Although the basic components of this dish seem like they could be pretty bland, the combination is really delicious. The chile paste (and the Thai sweet chile sauce that didn’t make it in to any of the pictures) provide the most obvious seasoning, but the ginger in the broth and the shallots aren’t exactly wallflowers. For a rainy Seattle day (I know the calendar says it’s nearly June, but I’m starting to fear I blinked and it’s actually November), it’s hard to beat a meal that temporarily took me back to warmer days in Thailand.
Khao Man Gai
Slightly adapted from Hainanese Chicken Rice, Gourmet, June 2000
The chicken and broth
- 1 chicken
- 3 teaspoons salt
- 10-15 slices fresh ginger, smashed
In a large pot (I used my 7+ quart Le Creuset), bring enough water to cover the chicken, ginger, and 2 tsp. salt to a boil. Meanwhile, remove fat from the cavity of the chicken and reserve it for the rice. Rub the chicken inside and out with 1 tsp. of salt. When the water is boiling, add the chicken, breast down, and return to a boil. Simmer chicken, partially covered, for 20 minutes, then turn off heat. Leave the chicken in the hot broth with the lid on for 15-20 minutes, or until the breast temperature measures 160-165F on an instant read thermometer, then transfer chicken to a large bowl of ice water to cool. At this point you can reserve the broth for the soup and rice, or simmer it a bit longer. I continued to simmer the broth (with the wings and back, which I cut from the chicken using kitchen shears) for another hour to concentrate the flavors. Once the chicken is cool, cut it into serving pieces. If you’re not eating right away, put the chicken in the fridge.
- 6-8 Thai chiles (I buy these at an Asian market in Seattle or Tacoma and store them in the freezer. Probably not ideal, but my local grocery store definitely isn’t carrying Thai chile peppers)
- 1 medium shallot, chopped
- 2 tablespoons chopped peeled fresh ginger
- 2 medium garlic cloves, chopped
- 1/2 teaspoon salt
- 1/3 cup fresh lime juice
While the chicken cooks, make the chile paste.

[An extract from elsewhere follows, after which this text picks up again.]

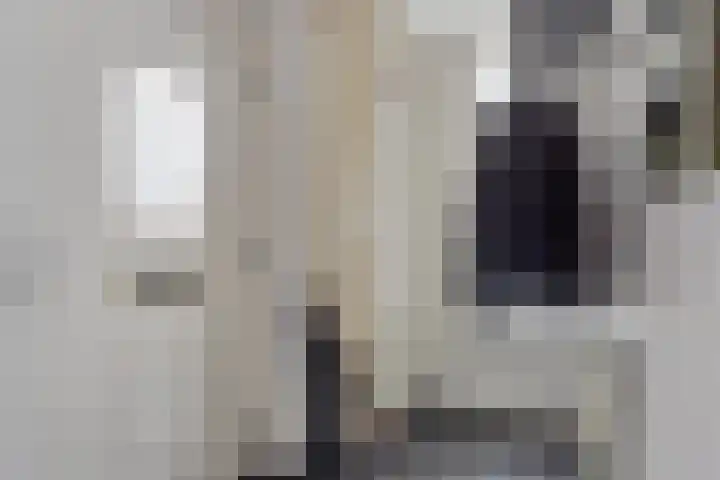 Schilderslaan 94 Bergen L thumbnail 8
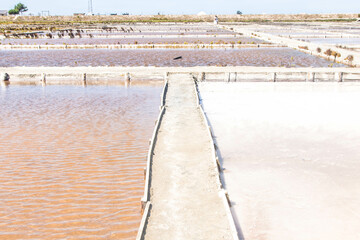 Salinas de Aveiro, salt pans of Aveiro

Place all ingredients in a food processor and pulse until coarsely chopped. Or, get distracted, leave the food processor running, and end up with a smooth paste, which is what I did.
- 2 cups jasmine rice
- 4 medium shallots, thinly sliced
- 4-6 large garlic cloves, minced
Wash rice under cold running water until water runs clear (I’ve found a fine-mesh strainer to be the best tool for this job), then drain well.
Cook reserved chicken fat over moderate heat in a heavy sauce pan, stirring until rendered. Add vegetable oil (or some rendered chicken fat from the freezer, if you’re the kind of person who has that kind of thing in their freezer) if needed to make 2 tablespoons of fat. Discard any solids, then add shallots and cook, stirring frequently, until browned. Add garlic and cook for 1 minute, stirring constantly. Add rice and cook, stirring gently, 1-2 minutes. Add 3 cups of the reserved chicken broth and bring to a boil. Boil until liquid on surface has evaporated, approximately 3-5 minutes, then cover and cook at the lowest heat setting until the rice is tender and all of the liquid is absorbed. This will take about 15 minutes. Remove rice from heat and let stand, covered, for 5 minutes, then fluff with a fork.
For the toppings
- 1 English cucumber, peeled and sliced into rounds 1/4 inch thick
- 2-3 medium shallots, thinly sliced and fried until crispy (this requires less oil than you might think – 1/2 an inch of oil in a pan will do the trick, just don’t get distracted or the shallots may burn. 2-3 minutes is all it takes if the oil is hot.)
If your broth has cooled, return it to a boil. Meanwhile, stir together 1 tablespoon of soy sauce and 2 teaspoons of Asian sesame oil, then pour over the chicken pieces. Serve the chicken on top of the rice, with a cup of broth, the sweet chile sauce, the chile paste you made, cucumber rounds, and the shallots on the side.